I wish to summarise the issues in two statements. Firstly, that Kenyans are telling the Judiciary that it has become so alienated from them and their aspirations that it may not be serving the purpose for which it was created.

Article 159 of the Constitution says that judicial authority is derived from the people and vested in the courts.

Judges and magistrates cannot therefore take on an attitude of independence that in effect derogates the basic fact that they are supposed to be exercising that authority for the welfare of the people.

When people complain that judges and magistrates are now compromising their welfare, and sometimes their lives, in the interest of a self-mandated commission to extend the rights of criminal suspects to the highest-level possible, it is callous in the extreme for the Judiciary to answer them not by promising to explore a better balance but by promising to continue throwing away criminal cases.

The second point Kenyans are making is that it has become so rife with corruption that it is no longer a useful instrument in the fight against graft.

These accusations of corruption are not unfairly made against the Judiciary by people who want to compromise judicial independence.

They were first made by the heads of the Judiciary. It is Chief Justices Willy Mutunga and David Maraga who should come out and tell us what they meant by the accusations they made against their colleagues and why nothing was done about it.

In my analysis, the reason why Dr Mutunga paid and Mr Maraga continues to pay lip service to corruption within the Judiciary is because the Chief Justice doesn’t have the power.

In the 2010 Constitution, the Chief Justice is described as the head of the Judiciary but is given no power of discipline over judges and magistrates.

In the repealed Constitution, it is the Chief Justice who held the power to recommend the commencement of removal proceedings of a judge.

Today, that power lies exclusively with the Judicial Service Commission (JSC).
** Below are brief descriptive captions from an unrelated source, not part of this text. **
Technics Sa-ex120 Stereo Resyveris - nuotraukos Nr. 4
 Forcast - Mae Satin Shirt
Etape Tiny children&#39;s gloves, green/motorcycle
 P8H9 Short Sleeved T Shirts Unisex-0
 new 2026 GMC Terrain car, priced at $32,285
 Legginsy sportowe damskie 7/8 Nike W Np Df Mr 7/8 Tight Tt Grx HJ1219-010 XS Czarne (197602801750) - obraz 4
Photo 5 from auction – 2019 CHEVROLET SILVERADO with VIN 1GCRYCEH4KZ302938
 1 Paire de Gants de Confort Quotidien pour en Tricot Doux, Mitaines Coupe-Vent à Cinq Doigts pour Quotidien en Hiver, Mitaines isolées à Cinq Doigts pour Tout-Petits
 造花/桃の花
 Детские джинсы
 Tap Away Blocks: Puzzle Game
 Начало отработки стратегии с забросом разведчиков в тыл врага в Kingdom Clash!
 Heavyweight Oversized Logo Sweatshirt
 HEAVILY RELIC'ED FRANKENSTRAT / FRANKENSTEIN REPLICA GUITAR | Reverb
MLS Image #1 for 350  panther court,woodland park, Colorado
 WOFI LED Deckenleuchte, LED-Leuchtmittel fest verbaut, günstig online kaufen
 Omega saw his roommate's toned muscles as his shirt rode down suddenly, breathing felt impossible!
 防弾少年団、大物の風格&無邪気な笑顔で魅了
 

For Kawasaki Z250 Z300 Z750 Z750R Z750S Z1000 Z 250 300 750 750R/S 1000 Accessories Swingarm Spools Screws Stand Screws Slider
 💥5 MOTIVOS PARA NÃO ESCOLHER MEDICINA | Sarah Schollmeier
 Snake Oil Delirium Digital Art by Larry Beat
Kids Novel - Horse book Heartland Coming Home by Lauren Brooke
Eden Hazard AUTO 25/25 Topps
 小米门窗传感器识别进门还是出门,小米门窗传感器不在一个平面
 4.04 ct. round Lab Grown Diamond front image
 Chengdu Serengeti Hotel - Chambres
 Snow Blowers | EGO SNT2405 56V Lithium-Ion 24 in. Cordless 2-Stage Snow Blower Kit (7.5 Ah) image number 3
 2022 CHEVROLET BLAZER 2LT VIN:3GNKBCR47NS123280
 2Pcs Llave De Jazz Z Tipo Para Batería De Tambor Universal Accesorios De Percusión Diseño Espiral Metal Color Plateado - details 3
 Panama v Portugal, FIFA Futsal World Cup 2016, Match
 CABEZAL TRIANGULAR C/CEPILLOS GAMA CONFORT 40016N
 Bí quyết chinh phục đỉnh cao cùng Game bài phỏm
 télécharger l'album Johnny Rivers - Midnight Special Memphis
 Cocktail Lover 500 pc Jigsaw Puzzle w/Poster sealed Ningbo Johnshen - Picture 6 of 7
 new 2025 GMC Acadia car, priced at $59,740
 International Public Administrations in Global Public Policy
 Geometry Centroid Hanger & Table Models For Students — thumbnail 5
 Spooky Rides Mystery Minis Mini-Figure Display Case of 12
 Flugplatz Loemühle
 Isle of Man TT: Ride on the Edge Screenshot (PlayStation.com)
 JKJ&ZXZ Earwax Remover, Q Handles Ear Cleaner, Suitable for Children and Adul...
The Chief Justice may bark but the teeth are with the JSC.

Added to this constitutional impotence is the reality that the Chief Justice is beholden to the commission.

It is members of JSC who picked him to serve as Chief Justice, and when you consider the significant membership of judges in the commission, it is inconceivable they would have appointed a person who would be a problem to them.

Would servants, when given the power to hire their boss, employ a strict one?

It is therefore equally inconceivable that the Chief Justice would be the person to antagonise the JSC when he assumes office.

The problem at the JSC began the day it started its first assignment, the recruitment of the new Chief Justice.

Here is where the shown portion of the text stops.